On May 9, HHS announced additional plans for shipments to states to be in charge of remdesivir distribution, leaving many unanswered questions about timing, supply chain, and the amounts determined for each state’s allocation.
Joining Baldwin and Durbin on today’s letter includes Senators Jeanne Shaheen (D-NH), Martin Heinrich (D-NM), Sherrod Brown (D-OH), Angus King (I-ME), Chris Van Hollen (D-MD), Tim Kaine (D-VA), Elizabeth Warren (D-MA), Chris Murphy (D-CT), Richard Blumenthal (D-CT), Mazie Hirono (D-HI), and Jeff Merkley (D-OR).
Dear Secretary Azar:
We write to seek transparency and information regarding the distribution process for the coronavirus (COVID-19) therapeutic remdesivir, especially given the likely federal role in distributing other future COVID-19 drugs and vaccines.
On May 1, the Food and Drug Administration (FDA) issued an emergency use authorization (EUA) for remdesivir for the treatment of hospitalized COVID-19 patients.
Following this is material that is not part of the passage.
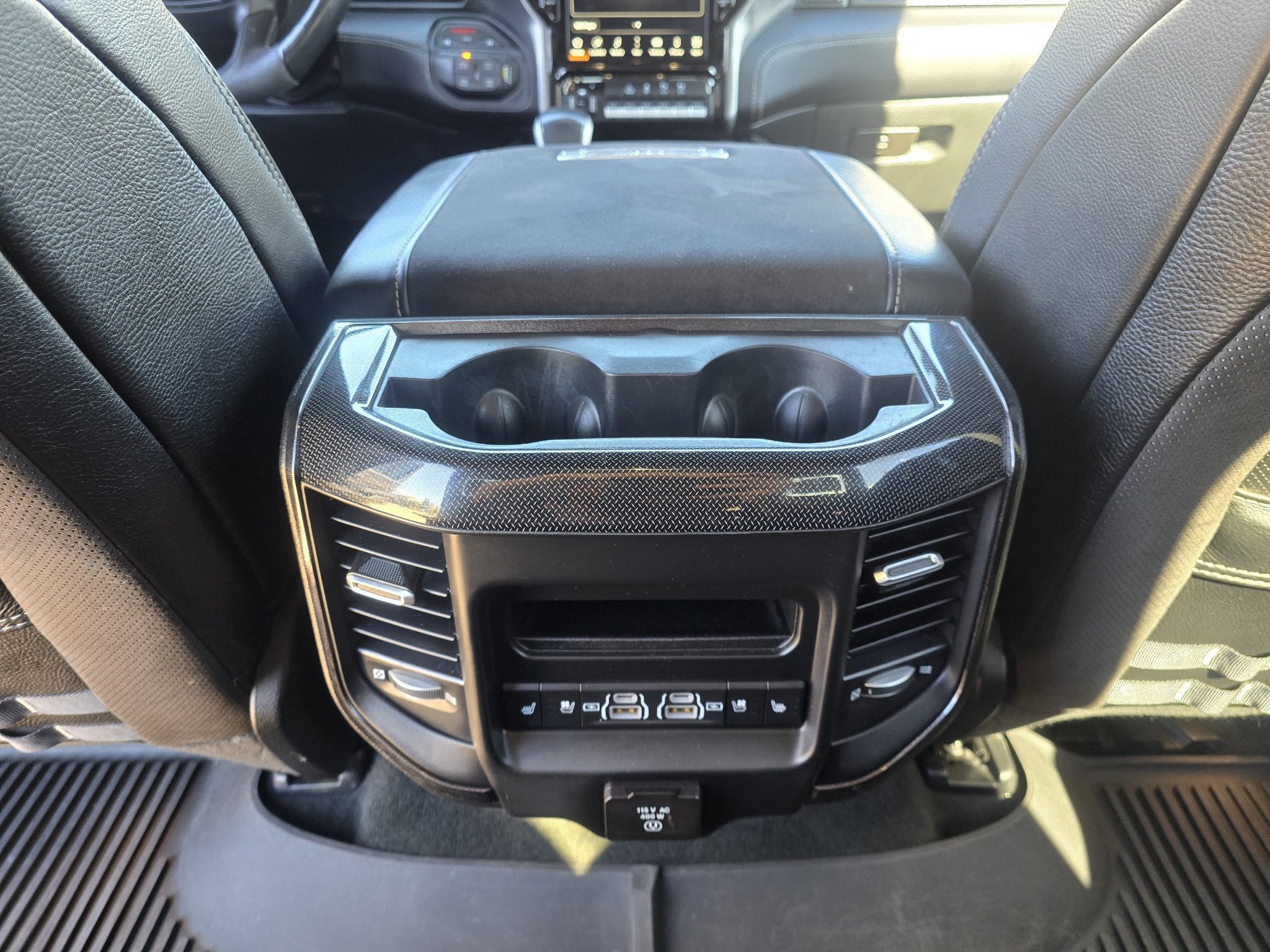 Used 2022 RAM 1500 TRX w/ TRX Level 2 Equipment Group AWD/4WD image 30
The EUA stipulates that the “distribution of the authorized remdesivir will be controlled by the United States Government … in collaboration with state and local government authorities, as needed.” The manufacturer of remdesivir, Gilead, has confirmed, through public statements, that “the U.S. government will coordinate the distribution of remdesivir to hospitals in regions most heavily impacted by COVID-19. Gilead and AmerisourceBergen are not deciding which hospitals will receive remdesivir.”
In the days following this EUA, significant concerns have been raised by hospitals, health providers, patients, and medical societies regarding the opaque process under which the federal government is determining distribution of remdesivir, as well as the future supply to meet patient needs. Organizations including the Infectious Diseases Society of America, the HIV Medicine Association, and the American Society of Health-System Pharmacists have written to urge transparency and orderly allocation of this therapeutic. Unfortunately, reports from our hospitals painted a picture of disarray, confusion, and inequity during the first week of remdesivir distribution. Originally, approximately 25 hospitals appeared to have received direct access to remdesivir, with a seemingly arbitrary process as many academic medical centers treating the highest volumes of COVID-19 patients in their states were been unable to obtain remdesivir.
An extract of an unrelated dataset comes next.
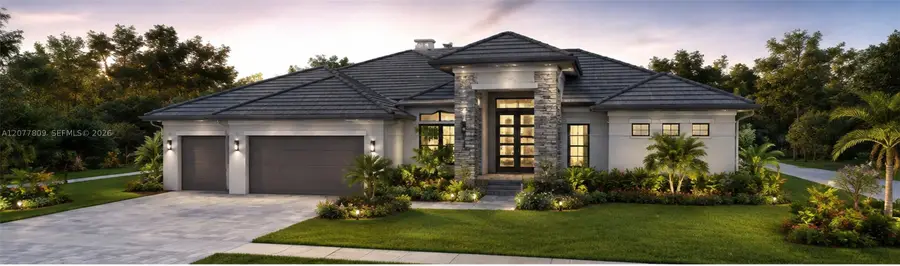 3007 E 10th St, Lehigh Acres, FL 33972 - #2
On May 9, HHS announced that it would be turning the distribution process over to the states, with health departments receiving shipments of remdesivir and allocating them within their states to appropriate hospitals. While states and local health officials have the insights to make decisions about needs across their communities, this announcement leaves many questions unanswered about when states will receive shipments, how the amounts of shipments to each state were/will be determined, and what the federal role may be following such shipments. We are also concerned that the shipments will not adequately address patient needs.
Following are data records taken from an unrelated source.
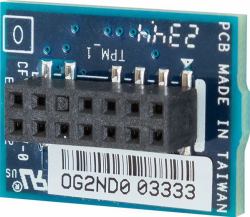 GIGABYTE CTM010 SPI 2.0 (Ctm010 Spi 2.0 - Warranty: 12M)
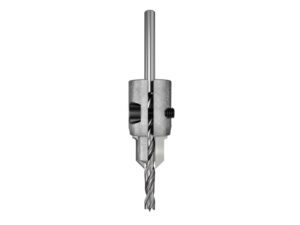 CMT 521.001.11, TCT Adjustable Countersink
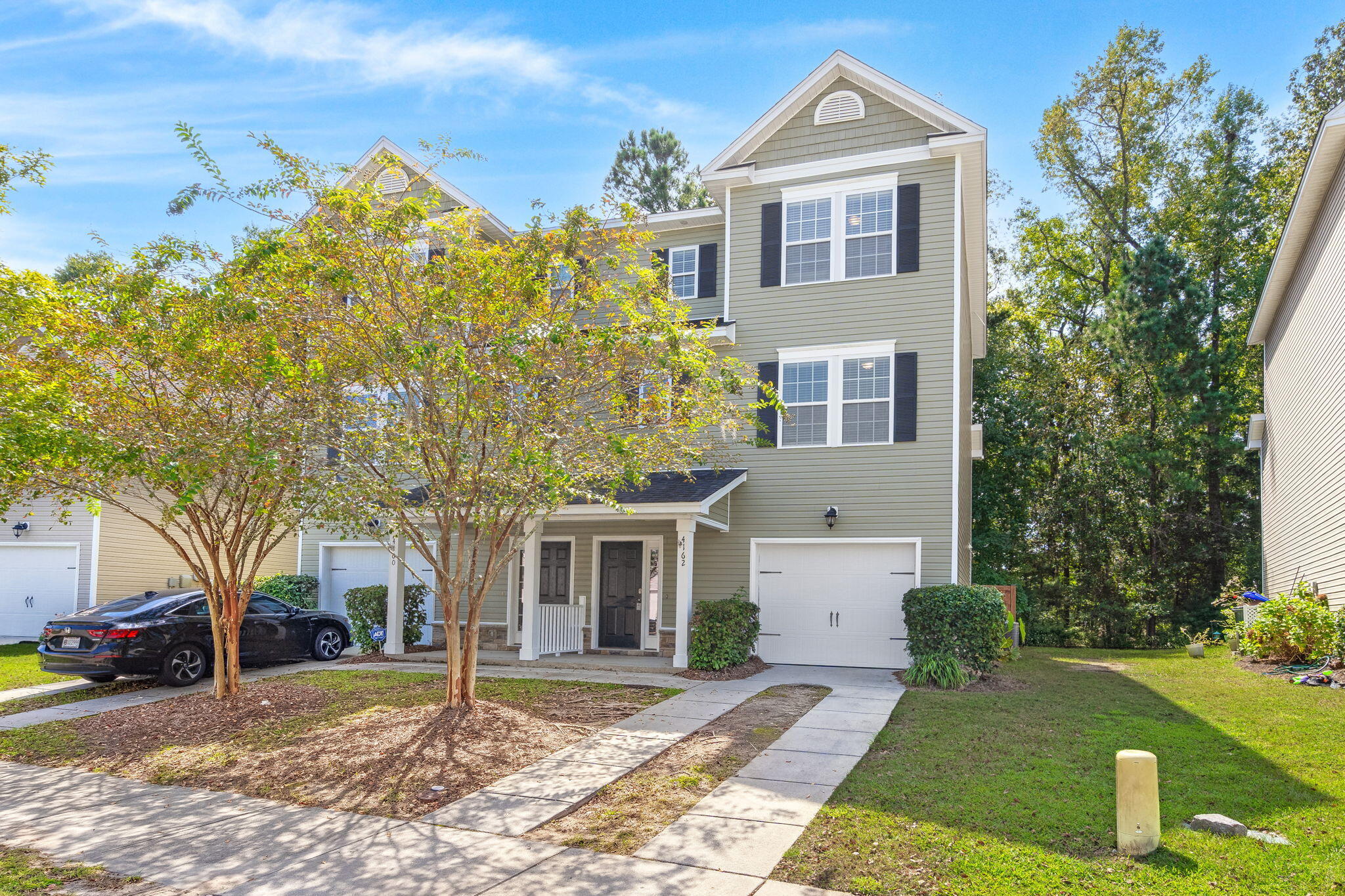 4162 Veritas Street Charleston, SC 29414 - Photo 33 of 36 37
We acknowledge that the limited current supply and substantial demand for remdesivir results in necessary choices about distribution. However, in the midst of this pandemic, it is unacceptable for our health care system and patients to be left in the dark about if, how, and when, supply of this therapeutic may arrive. And this appears to follow a similar pattern of the supply chain for medical supplies being shrouded in secrecy and poorly coordinated federal intervention, as we have seen with personal protective equipment and testing kit supplies. Given the likelihood of future therapeutics and vaccines being approved or authorized for use in the U.S., it is essential that the Administration assuage concerns about this initial test run of such federal distribution and any potentially unfair system for distributing essential medical supplies.
To ensure equitable distribution of this treatment for COVID-19 patients, we request a briefing by May 19 from the Administration officials in charge of this allocation process. Further, we urge your agencies to establish a public-facing portal to outline the methodology being used to allocate this therapeutic, as well as a process for hospitals to request access to remdesivir. Thank you for your attention to this urgent and important public health matter.